Both go up as exposure goes up, and both stop at zero if exposure is zero. But to me, @jrb’s version has the nice additional quality of being bound to lie between 0-1.0 no matter how many features are being considered.

Are there other reasons you might choose one over the other? Such as accuracy, or speed, or … ?

Thanks,

prc

Yes “penalization” of features is part of the optimizer. We allow some feature exposure but not a lot. Actually the reason we gave FNCv3 is because those are the features the optimizer is penalizing. But this is obviously a lot else going on in the optimizer to which affects TC.

1 Like

Why this might be important from a user perspective is that it seems (to me anyway) that since we can still bet on CORR as well as TC, we can unquestionably get higher CORR on average with less neutralized predictions. However, neutralization may help with TC. But if the neutralization is happening anyway as part of the process, then maybe we can get away with submitting unneutralized predictions, i.e. we don’t have to do that neutralization ourselves. So if submitting unneutralized preds vs submitting preds neutralized to the FNCv3 set are substantially the same in terms of the resulting TC scores, then unneutralized is the way to go because that will get higher corr results (in general). Whether that’s actually true or not (neutralized vs unneutralized getting more or less equal TC) depends on the order of operations in the whole TC/optimizer process I suppose.

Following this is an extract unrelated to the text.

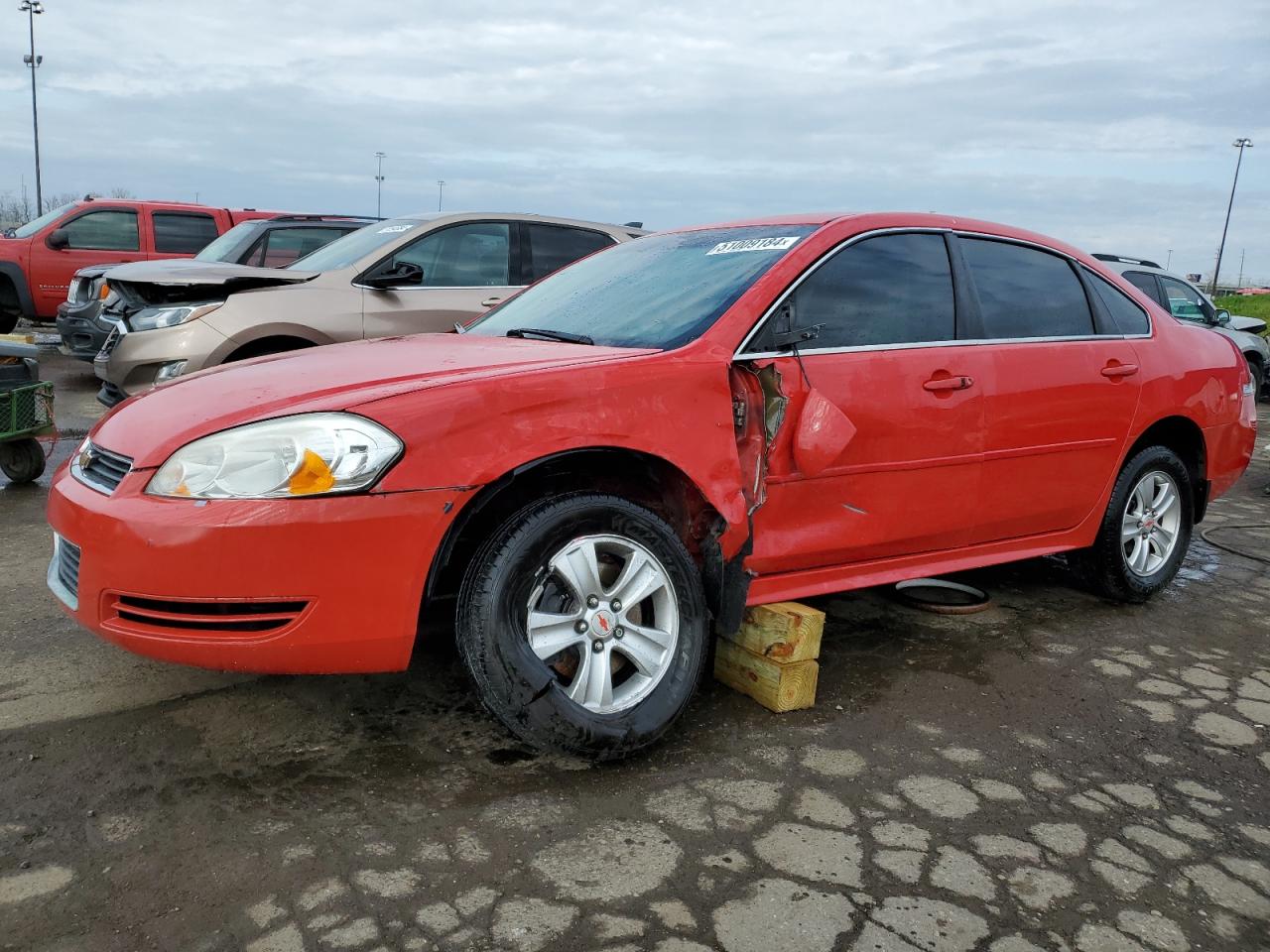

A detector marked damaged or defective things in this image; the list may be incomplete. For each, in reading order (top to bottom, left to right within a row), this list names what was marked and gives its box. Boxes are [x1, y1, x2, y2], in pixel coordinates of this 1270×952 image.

damaged red car [45, 211, 1254, 756]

I think that’s a fine approach. I think you can reduce the TC of a model with feature neutralization. Because the optimizer does some penalization not full neutralization so some exposure to features will help if those features work on live (especially ones the Meta Model is not already exposed to). MDO showed in the past the optimal level of feature neutralization did not appear to be 100%. I think it’s good to have models with high FNC and high CORR. I think it’s models with super high CORR due to one huge feature exposure that the Meta Model already has exposure to that can do very well on CORR in some rounds but get very negative TC.

@mdo you are centering features at 0 but not the targets (or I don’t see where). What would be the reason to not apply the -.5 also to the targets?

The loss is correlation based and is centering the target as part of the formula.

1 Like

I didn’t like the idea to neutralize every backprob, because neutralization is very slow on my pc. So I though what would happen if I would neutralize the target instead of neutralizing the predictions. I neutralized only the target in the training data and left the validation target unchanged. I didn’t train the models fully, so it is possible that they can flip later in the training.

Validation [edited version - without bug hopefully]:
Screenshot from 2022-04-29 17-51-47

Version of data: V4
Validation data: eras that were validation eras in V3
Training data: All eras - Valuation eras
Loss: mean erawise rank correlation
Number of iterations: 1000 (low, I usually train 20000+)
Model: LGBM

@mdo in your code you have:

rr = torchsort.soft_rank(pred, regularization_strength=regularization_strength)
# change pred to uniform distribution
pred = (rr - .5)/rr.shape[1]

However this is assuming that rr returns the ranked results from 0…size-1, after installing torchsort and trying a couple of times I was surprised to see that the soft_rank returns a ranking that not necessarily starts at 0.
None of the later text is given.